EXERCISE BRIEF> Without including any picture, write out the entries exactly as they stand.

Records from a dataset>

****************************************

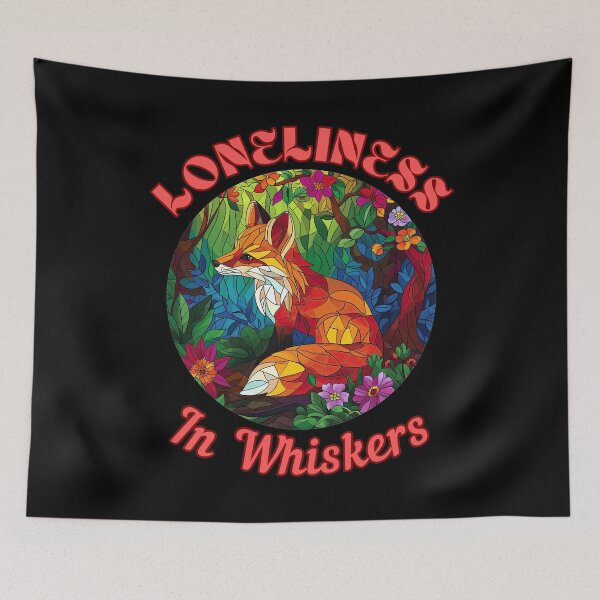 Item preview, Loneliness in Whiskers. retro fox designed and sold by FoxVibes.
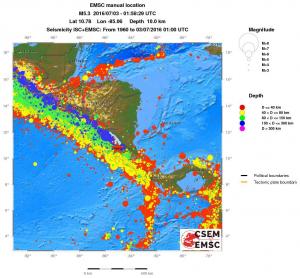 wide historical seismicity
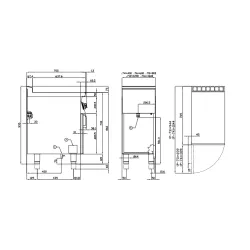 Gas hob with stand or neutral cabinet LOTUS 08210450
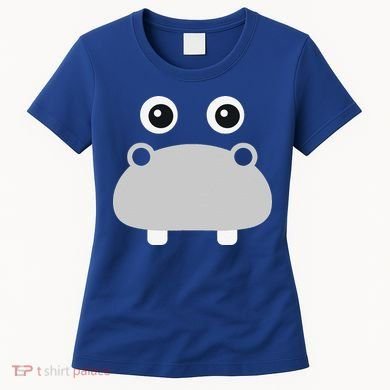 Kawaii Hippo Face Easy Halloween Costume Women's T-Shirt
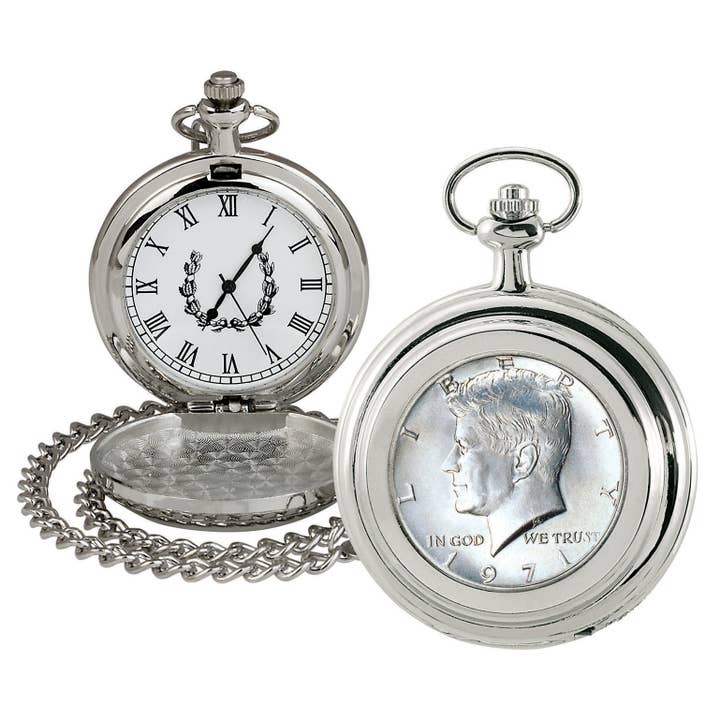 JFK Half Dollar Coin Pocket Watch1 for wholesale by American Coin Treasures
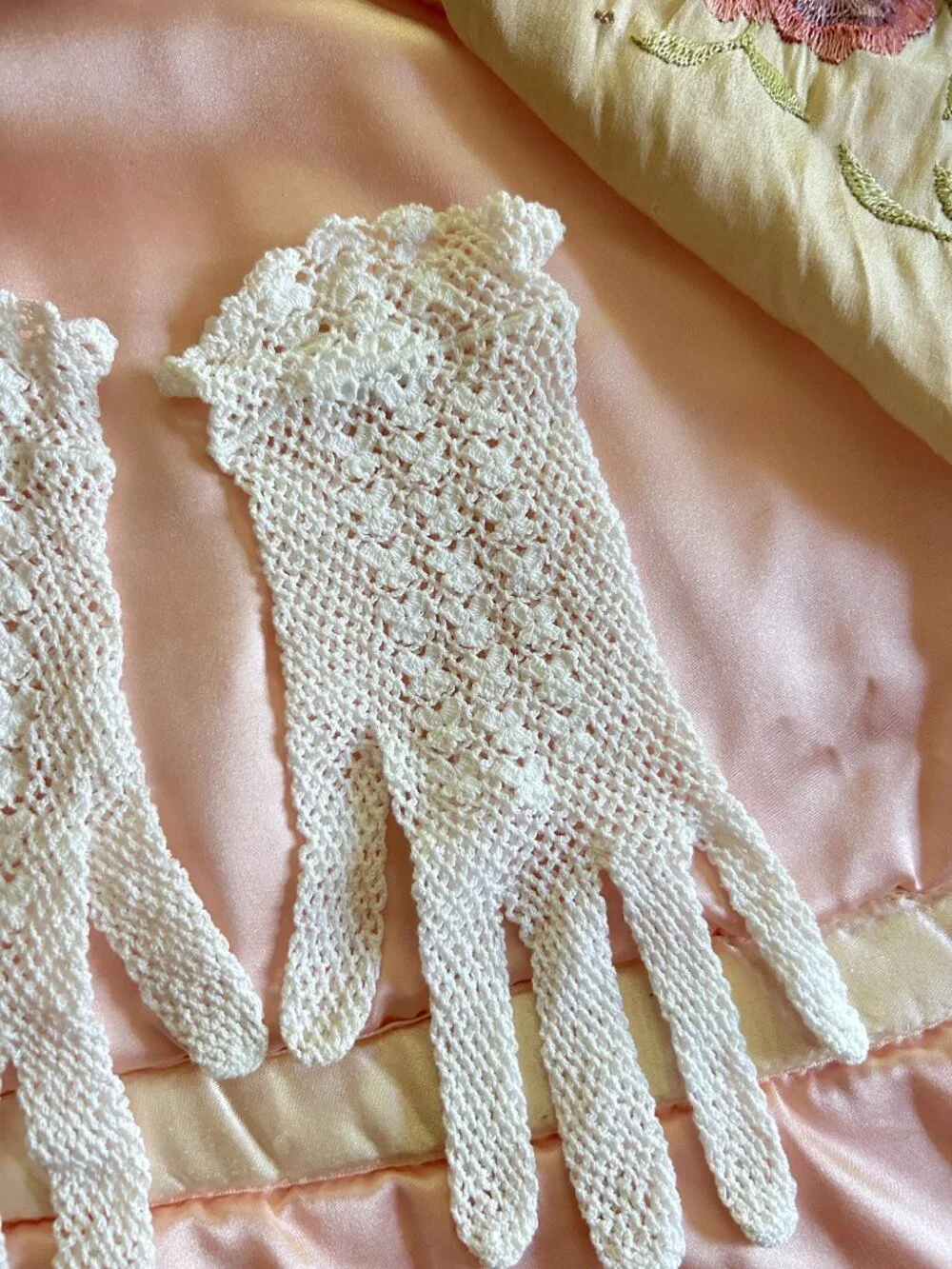 Vintage delicate crochet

****************************************

ANSWER FOR THE TASK>
 Item preview, Loneliness in Whiskers. retro fox designed and sold by FoxVibes.
 wide historical seismicity
 Gas hob with stand or neutral cabinet LOTUS 08210450
 Kawaii Hippo Face Easy Halloween Costume Women's T-Shirt
 JFK Half Dollar Coin Pocket Watch1 for wholesale by American Coin Treasures
 Vintage delicate crochet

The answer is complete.